### Work to be completed:
Pictures in the data below are not part of the copy; transcribe everything else exactly.

### Supplied data:
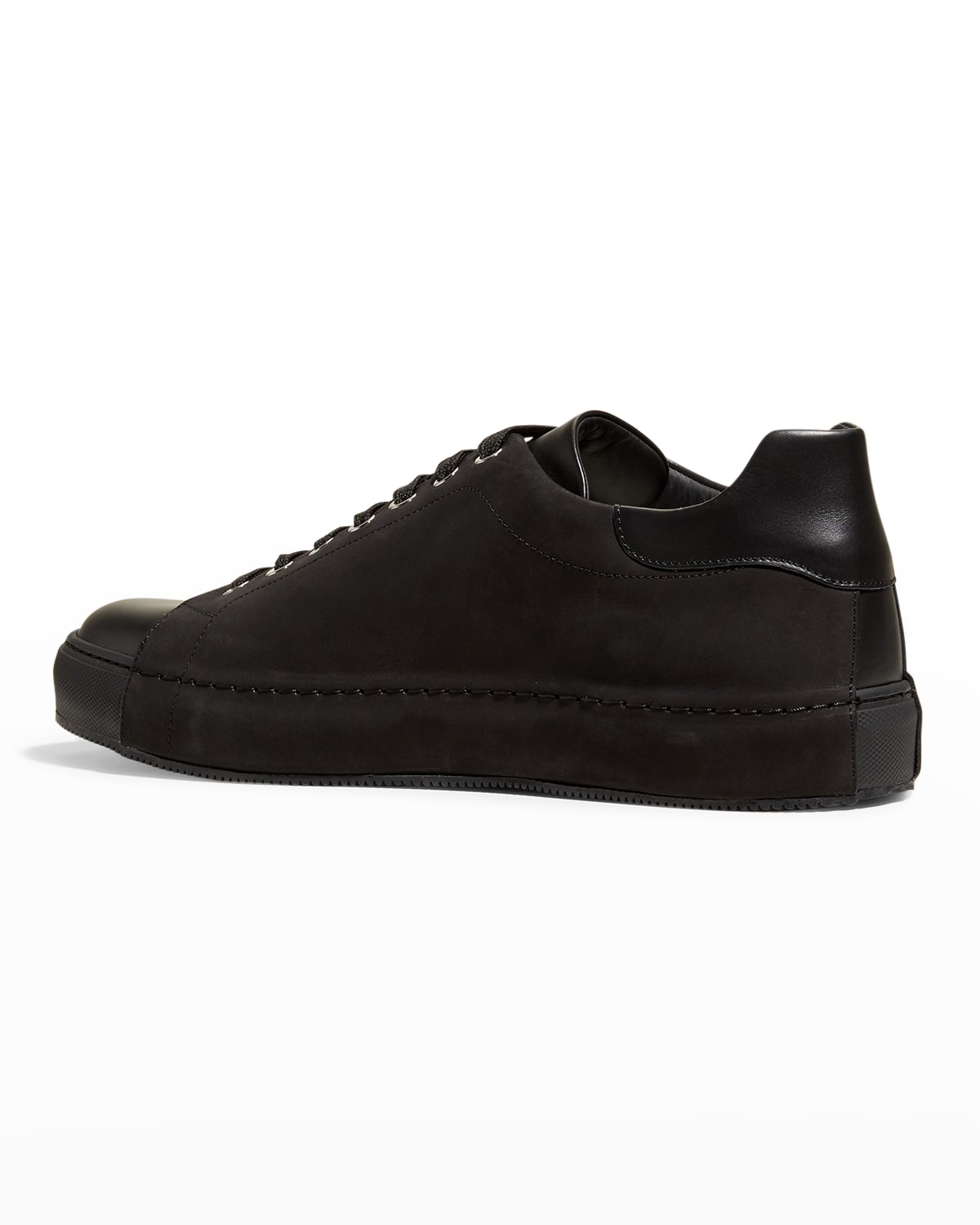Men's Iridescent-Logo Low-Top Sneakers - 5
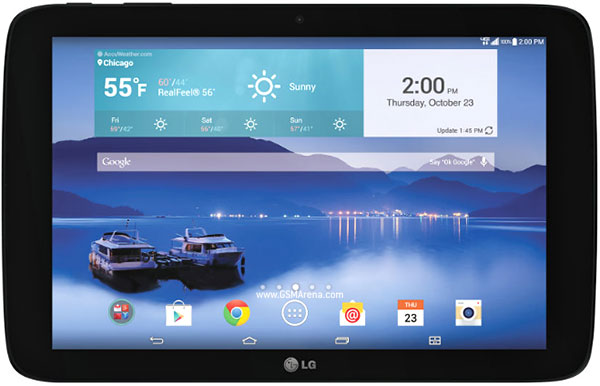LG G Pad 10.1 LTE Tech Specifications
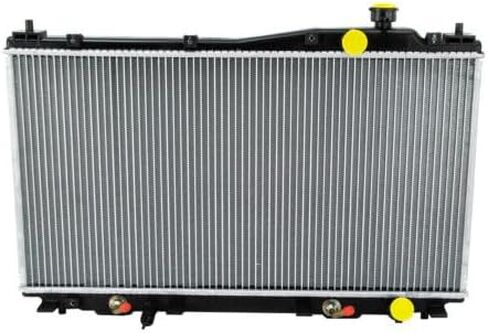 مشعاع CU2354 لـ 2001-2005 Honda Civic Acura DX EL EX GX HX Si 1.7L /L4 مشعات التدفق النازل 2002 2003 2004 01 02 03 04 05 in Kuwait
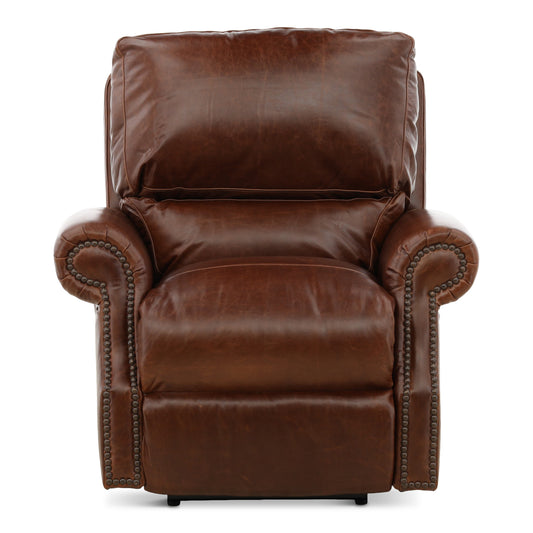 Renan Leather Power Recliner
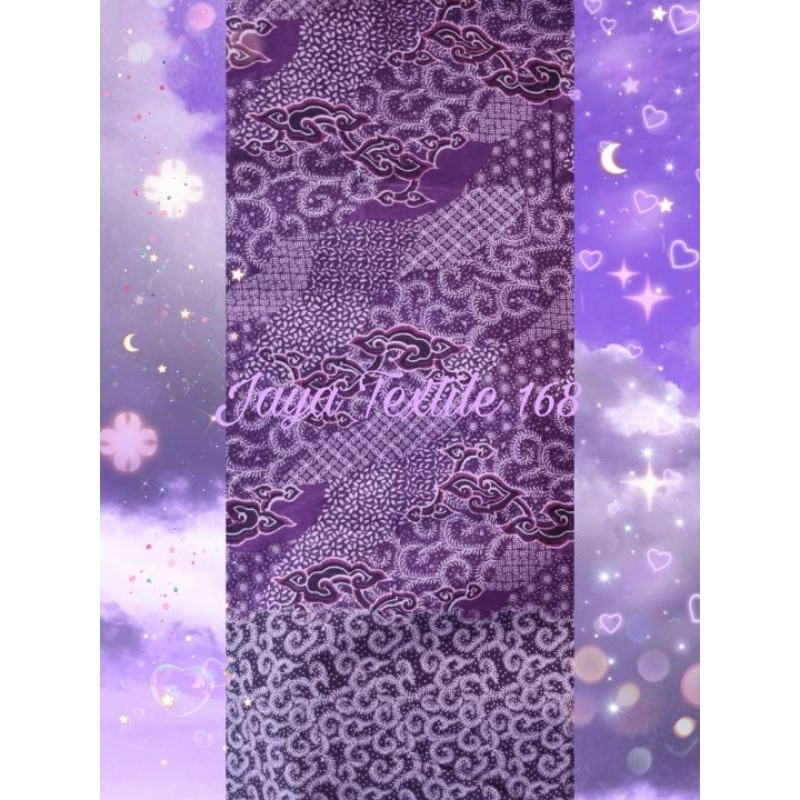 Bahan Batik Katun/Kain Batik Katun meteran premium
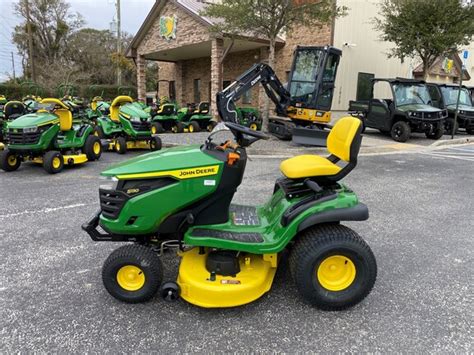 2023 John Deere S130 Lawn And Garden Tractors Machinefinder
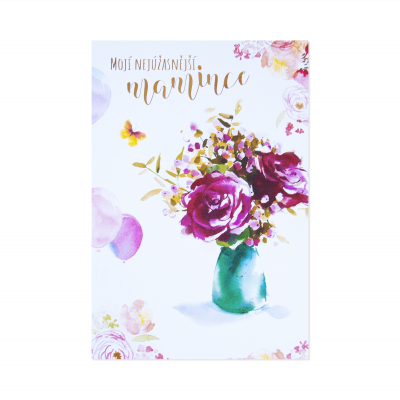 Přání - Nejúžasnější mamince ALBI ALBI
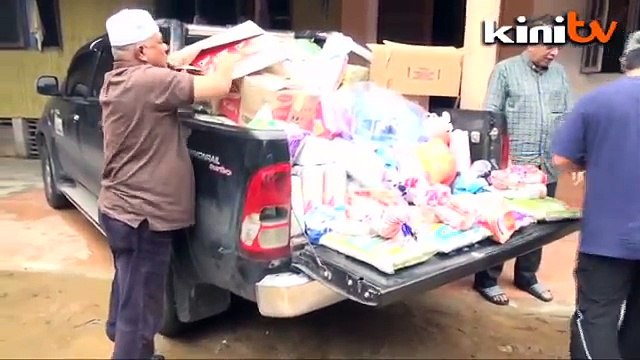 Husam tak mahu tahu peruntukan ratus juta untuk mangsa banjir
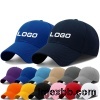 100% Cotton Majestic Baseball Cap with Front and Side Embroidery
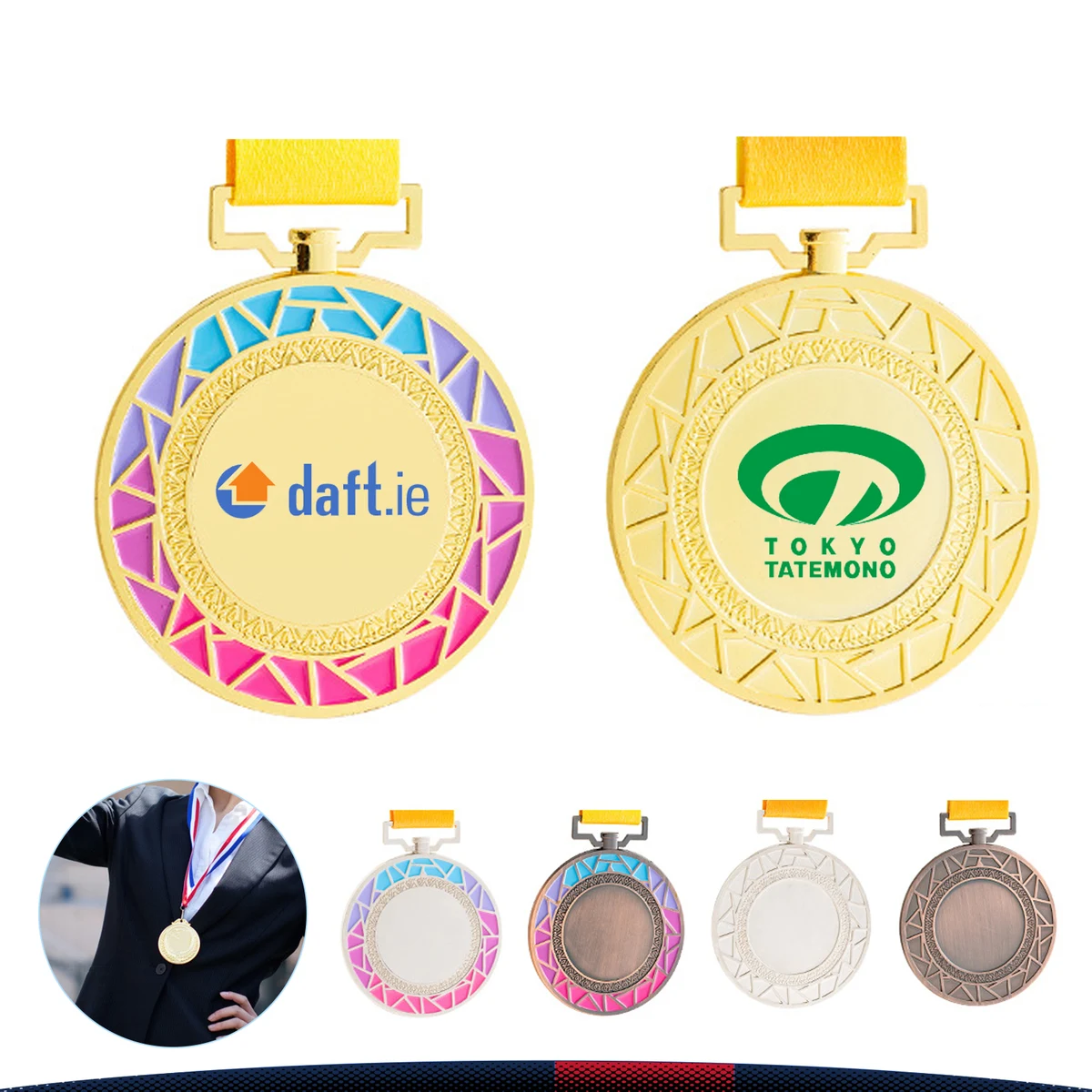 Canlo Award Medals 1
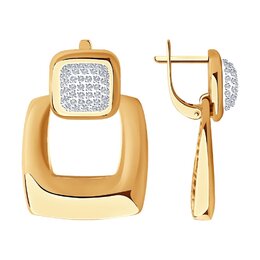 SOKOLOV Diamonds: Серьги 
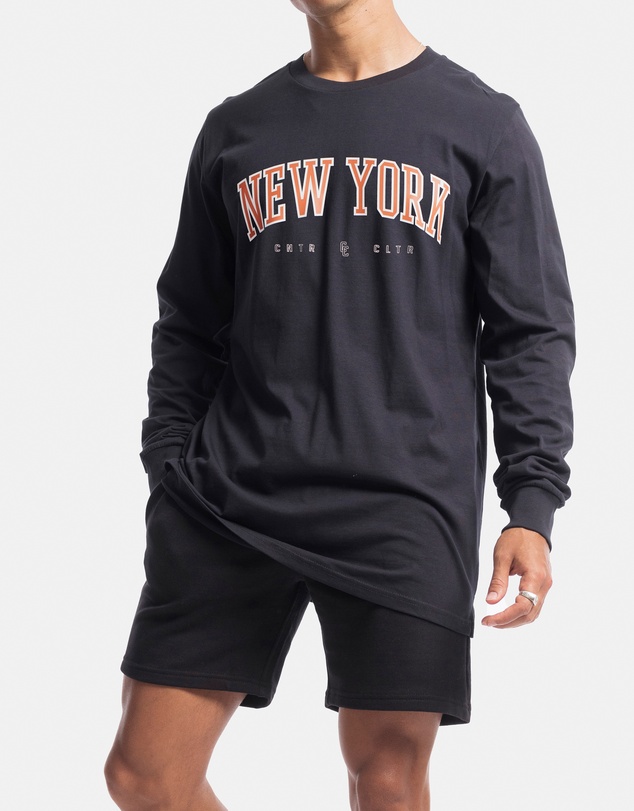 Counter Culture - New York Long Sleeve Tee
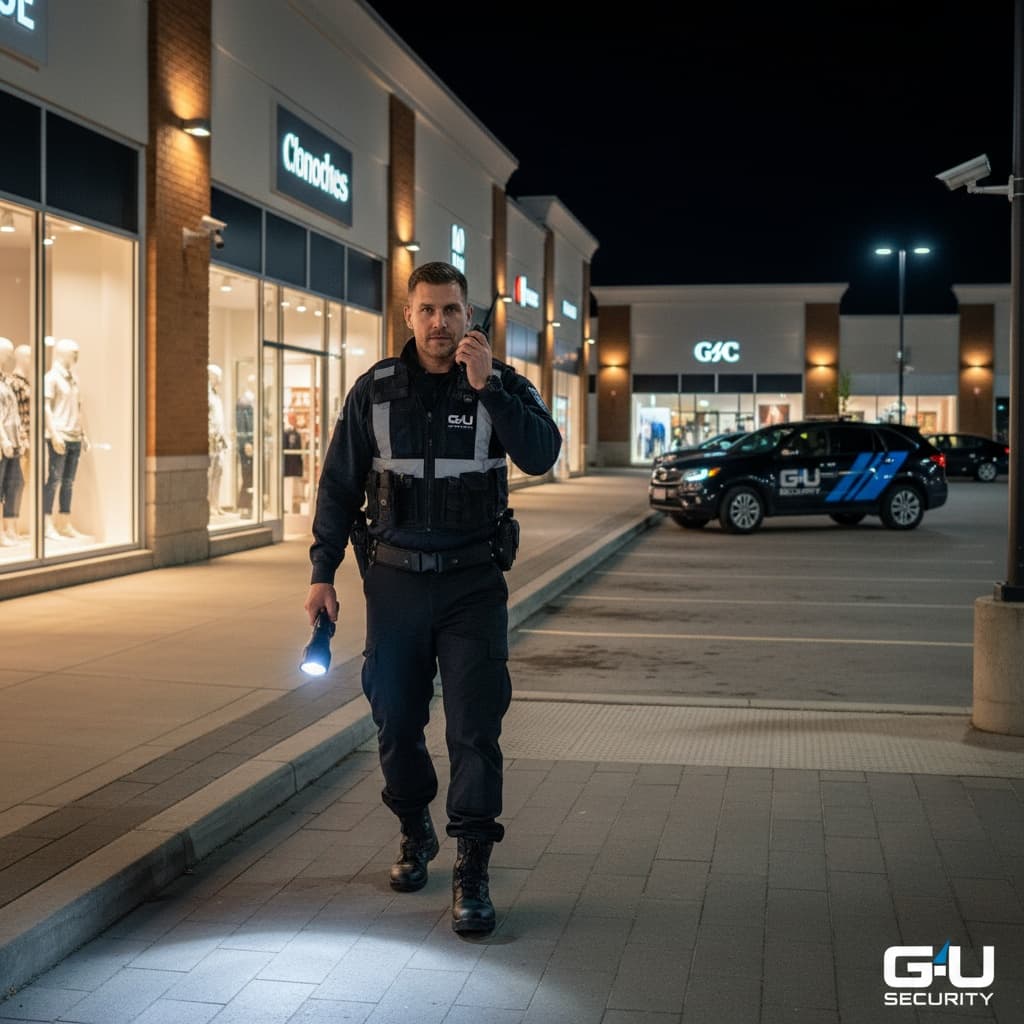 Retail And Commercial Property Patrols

### Response area:
Men's Iridescent-Logo Low-Top Sneakers - 5
LG G Pad 10.1 LTE Tech Specifications
 مشعاع CU2354 لـ 2001-2005 Honda Civic Acura DX EL EX GX HX Si 1.7L /L4 مشعات التدفق النازل 2002 2003 2004 01 02 03 04 05 in Kuwait
 Renan Leather Power Recliner
 Bahan Batik Katun/Kain Batik Katun meteran premium
 2023 John Deere S130 Lawn And Garden Tractors Machinefinder
 Přání - Nejúžasnější mamince ALBI ALBI
 Husam tak mahu tahu peruntukan ratus juta untuk mangsa banjir
 100% Cotton Majestic Baseball Cap with Front and Side Embroidery
 Canlo Award Medals 1
 SOKOLOV Diamonds: Серьги 
 Counter Culture - New York Long Sleeve Tee
 Retail And Commercial Property Patrols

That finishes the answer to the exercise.